Given data:
BEGIN

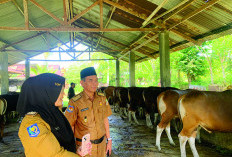Cek Kesehatan Hewan Kurban, Kepala Disnaskeswan Provinsi Bengkulu Ingin Pastikan Hal Ini Saat Idul Adha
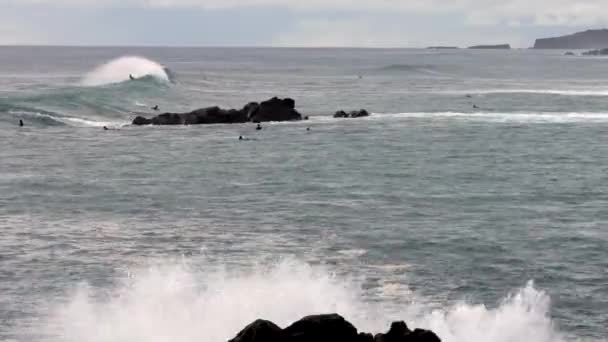 Σέρφερς κολυμπούν έξω στη θάλασσα ενάντια στα κύματα — Αρχείο Βίντεο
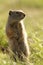 Uinta ground squirrel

END

What is expected: Copy out all of the material exactly as written, without its pictures.

Problem solution:
Cek Kesehatan Hewan Kurban, Kepala Disnaskeswan Provinsi Bengkulu Ingin Pastikan Hal Ini Saat Idul Adha
 Σέρφερς κολυμπούν έξω στη θάλασσα ενάντια στα κύματα — Αρχείο Βίντεο
 Uinta ground squirrel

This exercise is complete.